- DATA FOR THE TASK
== Segment start ==
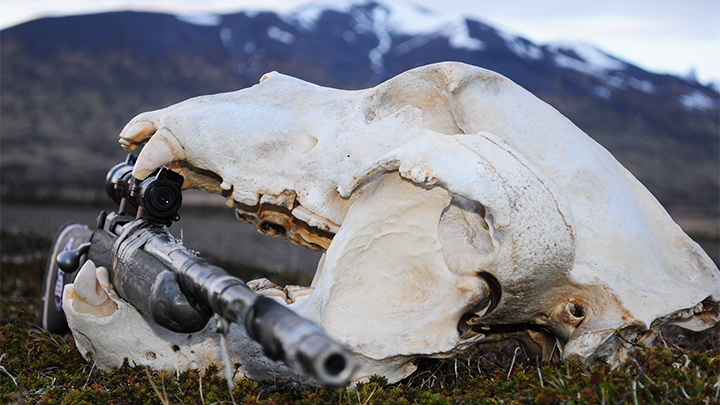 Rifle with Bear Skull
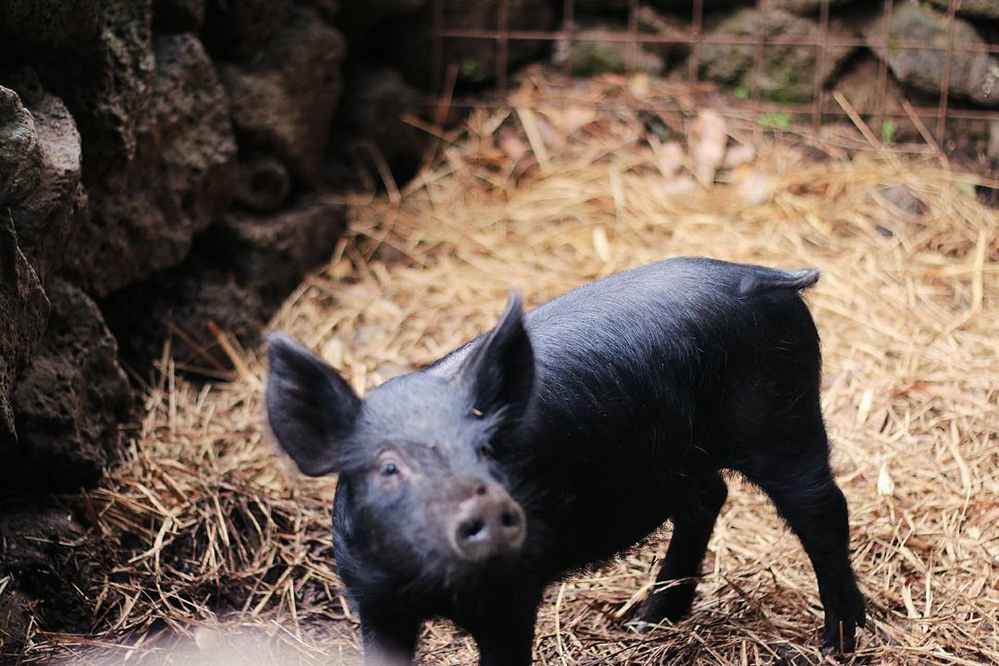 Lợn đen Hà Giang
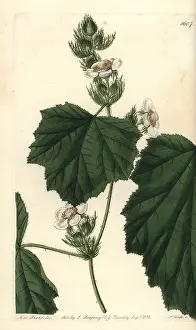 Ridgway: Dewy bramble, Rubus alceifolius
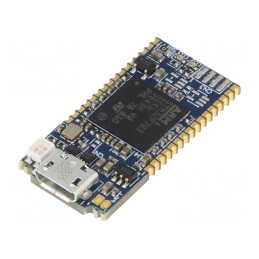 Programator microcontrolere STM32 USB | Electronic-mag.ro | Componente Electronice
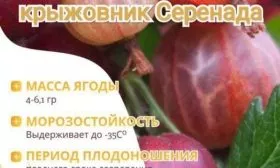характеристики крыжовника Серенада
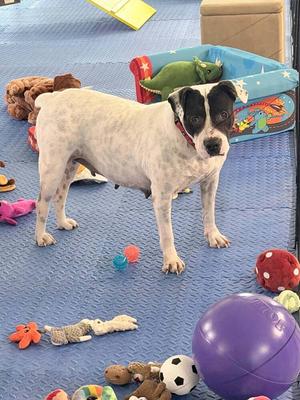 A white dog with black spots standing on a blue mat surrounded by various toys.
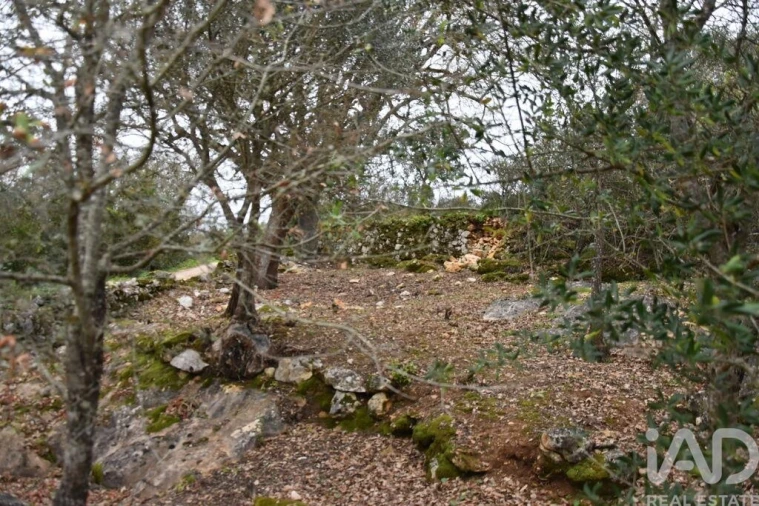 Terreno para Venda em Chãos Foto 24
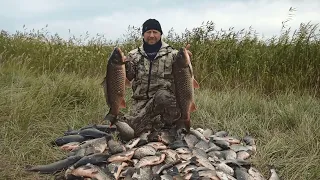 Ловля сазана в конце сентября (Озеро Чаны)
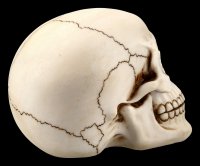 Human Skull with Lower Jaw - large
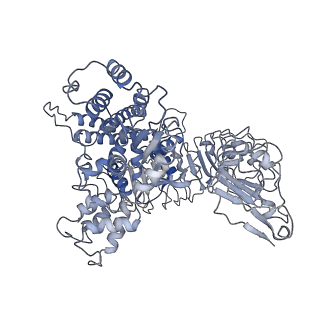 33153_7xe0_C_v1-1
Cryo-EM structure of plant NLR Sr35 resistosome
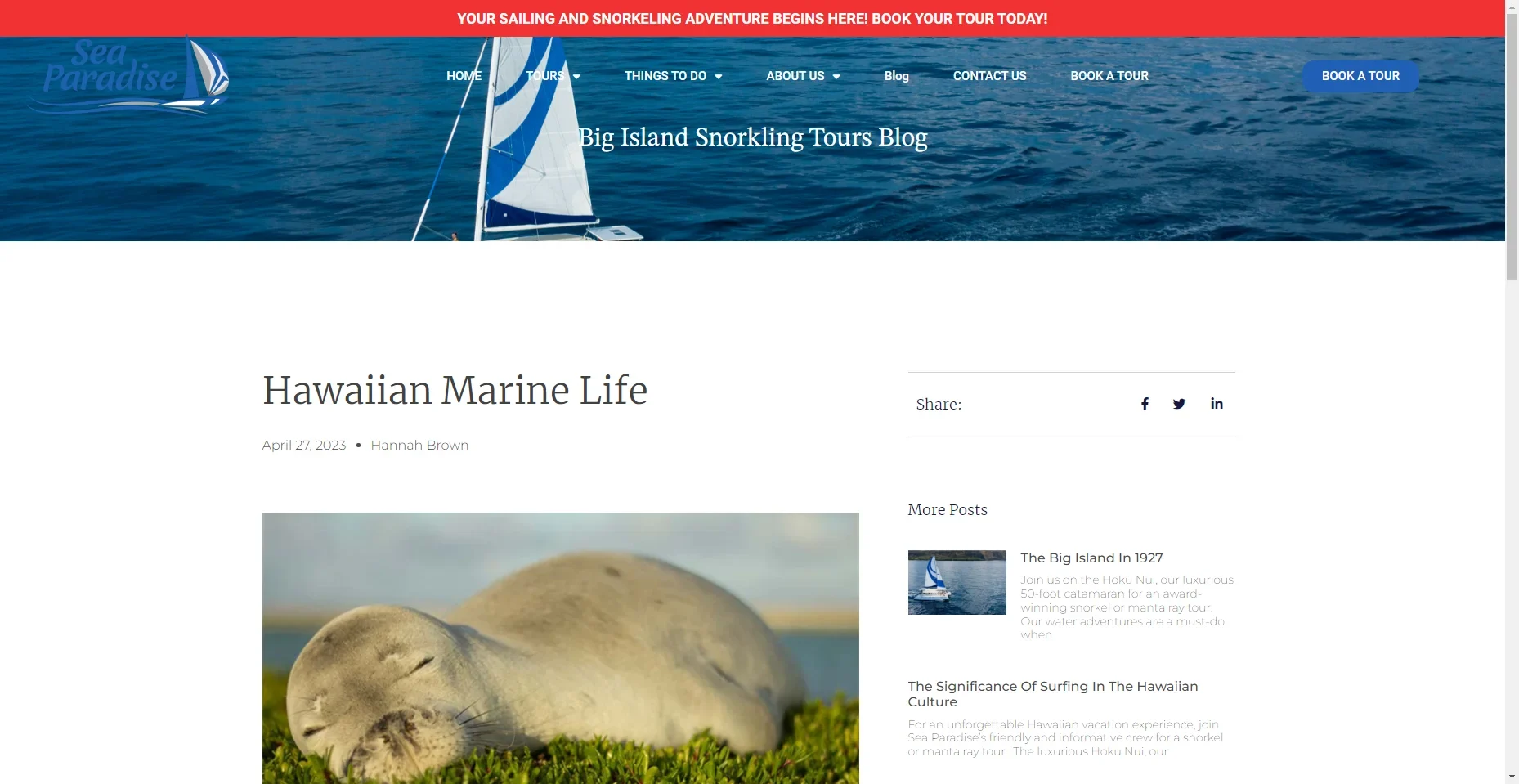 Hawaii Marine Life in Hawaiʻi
== Segment end ==
== Segment start ==
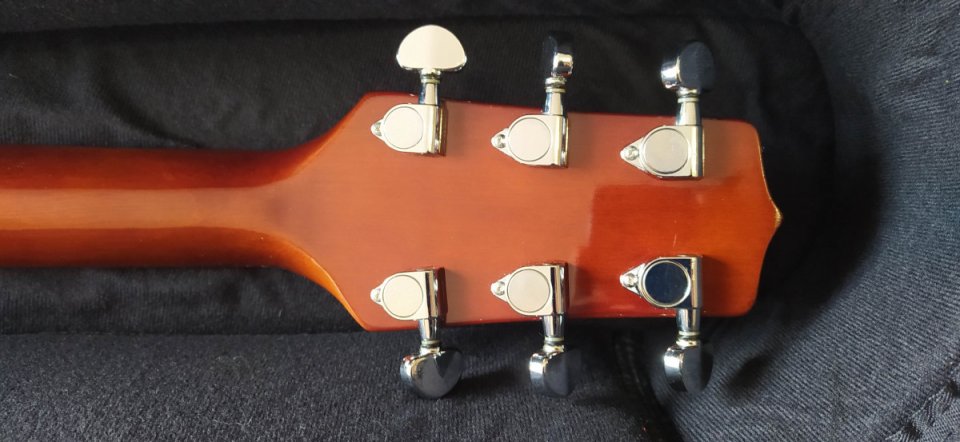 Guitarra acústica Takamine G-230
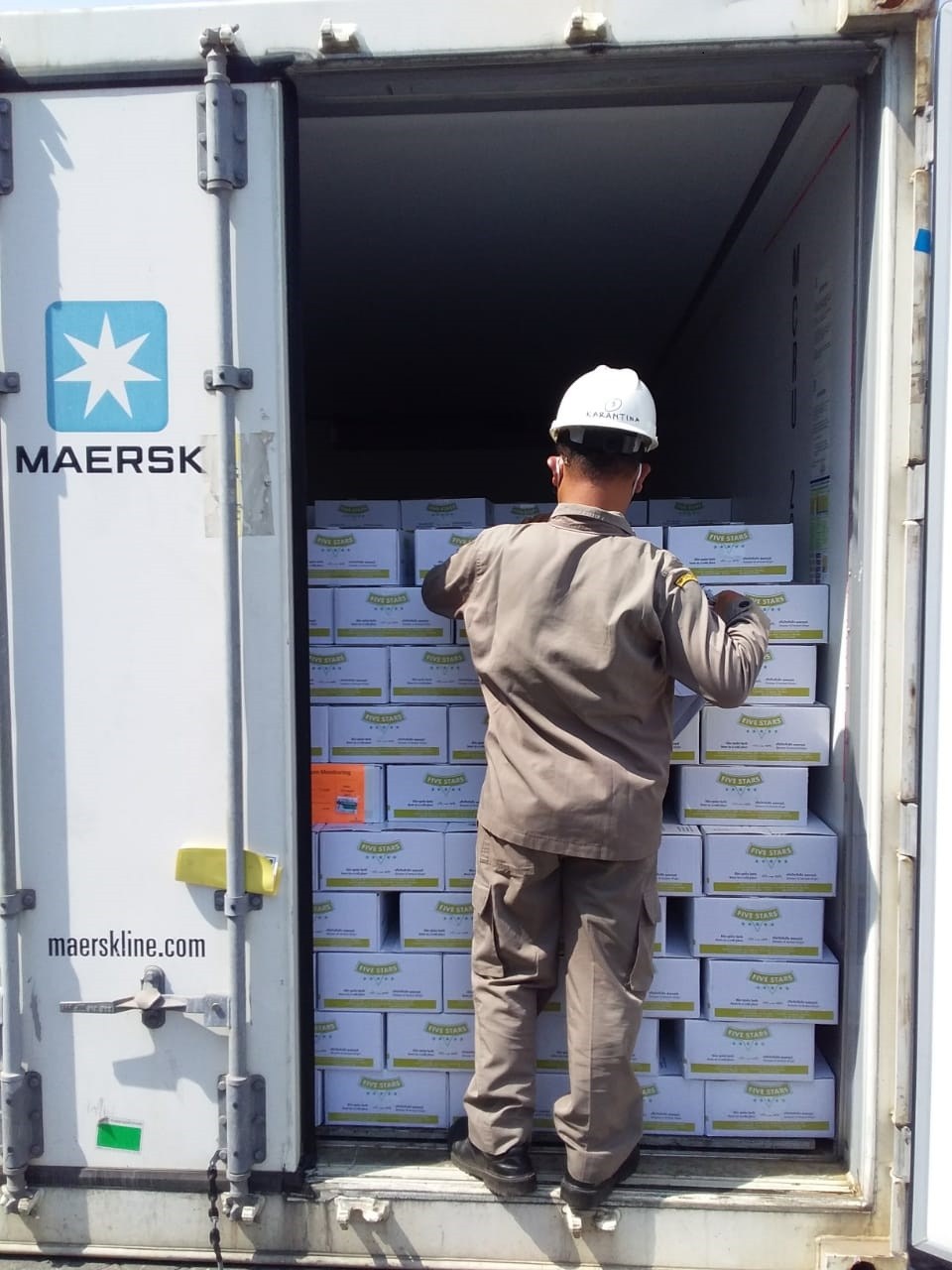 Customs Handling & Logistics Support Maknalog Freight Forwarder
== Segment end ==
- WHAT TO WORK ON
Return exactly the lines of the material above, starting at the line containing "Ridgway: Dewy bramble, Rubus alceifolius" and finishing at the line containing "Hawaii Marine Life in Hawaiʻi", without any pictures.

- SOLUTION TO THIS EXERCISE
 Ridgway: Dewy bramble, Rubus alceifolius
 Programator microcontrolere STM32 USB | Electronic-mag.ro | Componente Electronice
характеристики крыжовника Серенада
 A white dog with black spots standing on a blue mat surrounded by various toys.
 Terreno para Venda em Chãos Foto 24
 Ловля сазана в конце сентября (Озеро Чаны)
 Human Skull with Lower Jaw - large
 33153_7xe0_C_v1-1
Cryo-EM structure of plant NLR Sr35 resistosome
 Hawaii Marine Life in Hawaiʻi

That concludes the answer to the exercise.